Übrigens: Alle, die ein Print-Abo haben, haben auch uneingeschränkten Zugriff auf mainpost.de. Um alle Inhalte sowie die Kommentarfunktion nutzen zu können, muss man sich mit seiner Kundennummer einmalig registrieren auf www.mainpost.de/leserservice.
Fragen rund um das Abo beantwortet der Kundenservice per Mail unter kundenservice@mainpost.de oder telefonisch unter Tel. 0931-60016001.
In der österreichischen Krone-Zeitung isses wiederum ganz anders.
wir möchten mit diesem Schritt das Forum für diejenigen User, die wirklich an einem Austausch interessiert sind, zu einem Ort machen, an dem sie das tun können, ohne angegangen zu werden. Unsere Erfahrung hat gezeigt, dass das bislang häufig nicht möglich war - auch wenn es natürlich viele User gibt, die auch unter einem Pseudonym respekt- und gehaltvolle Beiträge geschrieben haben.

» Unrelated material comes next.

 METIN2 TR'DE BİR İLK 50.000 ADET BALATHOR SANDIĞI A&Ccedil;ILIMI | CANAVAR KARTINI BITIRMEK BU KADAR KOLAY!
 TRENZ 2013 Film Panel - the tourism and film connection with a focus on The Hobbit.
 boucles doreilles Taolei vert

Zum Datenschutz: Die Entscheidung zur Teilnahme an der Forumsdiskussion und somit die Veröffentlichung des Namens trifft jeder Nutzer selbst.
Freundliche Grüße
Silke Albrecht
Digitales Management
Mit Namen, Adresse und Geburtsdatum.
😁
Ich wundere mich schon, welche juristischen Ansichten hier umgehen; ich sehe die Kommentarfunktion als einen zusätzlichen Service an, den ich gerne nutze, aber einen Rechtsanspruch darauf kann ich nicht erkennen.